Top Landing / Exit Pages
This data shows you how users are coming to your site and where they are leaving from.
Top landing pages can be the home page, a product/service page, or even a blog post. This will help you determine which pages to optimize to keep users on the site or if you need to optimize pages because they don’t appear here. You should help your visitors find what they are looking for as quickly and easily as possible, drive them to the right page versus driving their own path through their site.
Top exit pages show you where users are leaving your site from. If these pages are not at the end of the sales funnel they may need to be optimized to keep users on the site. Keeping users on the site will improve the chance that they will complete the desired action/goal.
Goals / Events
To best understand your audience it is recommended that goals are set-up in Google Analytics. There are a variety of goals that can be put in place depending on your objective or audience. Some popular goals are:
- Pages viewed
- Time on site
- Destination pages
More in-depth goals can be created with the implementation of Google Tag Manager. With Tag Manager, you can set-up events on your website. Events are things such as form submission, link clicks or downloads. These can be placed behind such things as Calls-to-action or an Add to Cart button. Each of these events can be tracked in Google Analytics and set as goals. Using this data can show you how many users are completing your goals.
Using location in Google Analytics can help you understand where your audience is, and if you are reaching your intended audience. If you operate a small business you may only want to target those who are in your city and the surrounding area. Using locations can help determine if this is happening. This could also show you if you are reaching potential customers from outside of your market. If you notice an increase in traffic from an outside location there may be an opportunity there.
To find this information go to Audience -> Geo -> Location. From here you can select to view Continent, Country, Region, or City.
A common area that is overlooked when setting up Google Analytics is the enabling of demographics. This captures important information about your audience such as age, gender, location, interests and affinity groups.
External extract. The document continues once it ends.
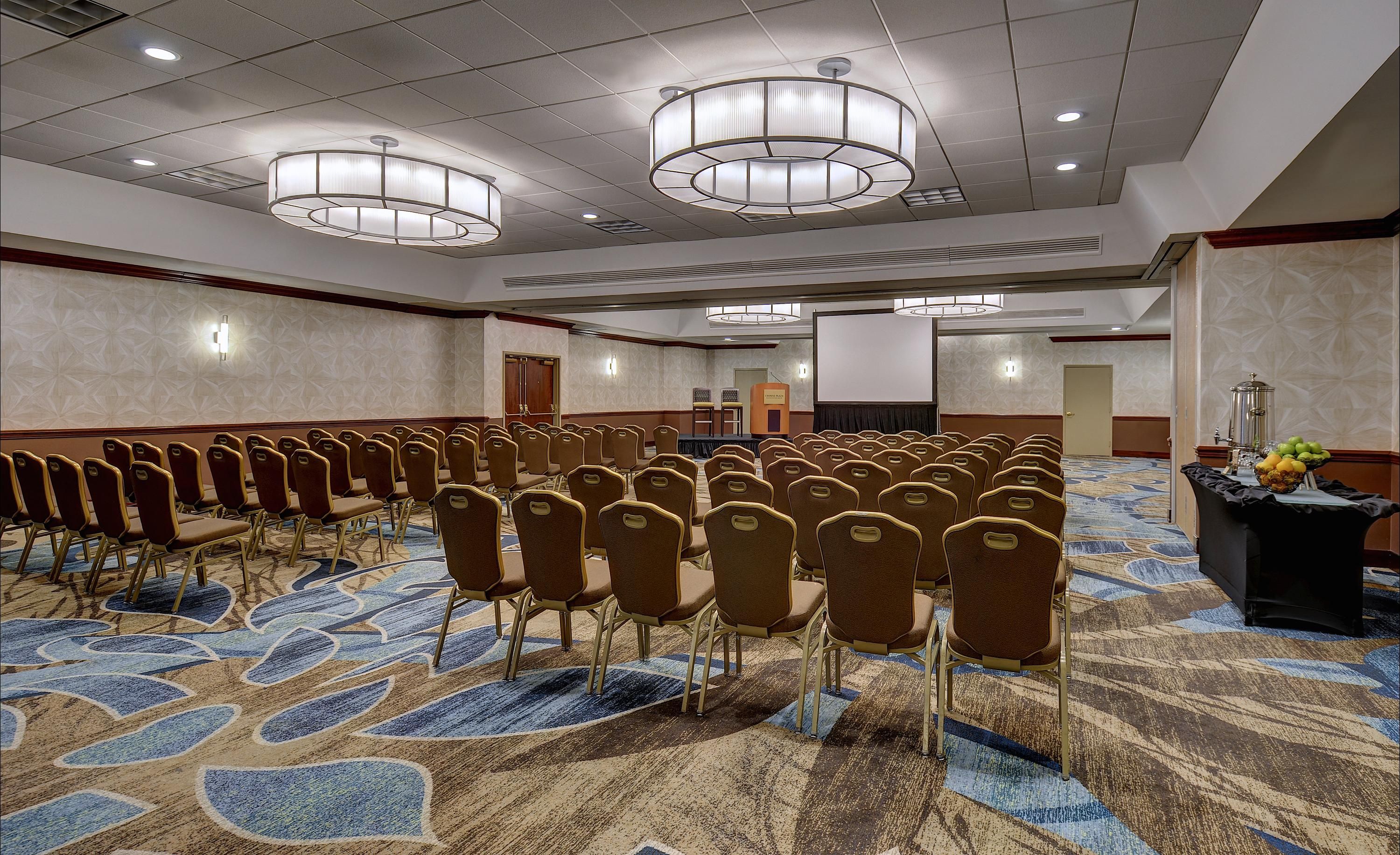 Espace de conférence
This is useful as it will help you better understand your audience and allow for you to develop content and campaigns specifically for them.
To enable demographic tracking in Google Analytics go to the property settings (Admin -> Property – Property Settings) scroll down and enable demographics.
After reviewing these KPIs you should be able to identify your website’s strengths and potential areas for improvement. Most of all, you will develop a better understanding of your audience. Understanding how users engage or do not engage with your site, helping you tailor your message and user experience to increase conversion whether it is a sale or an email registration.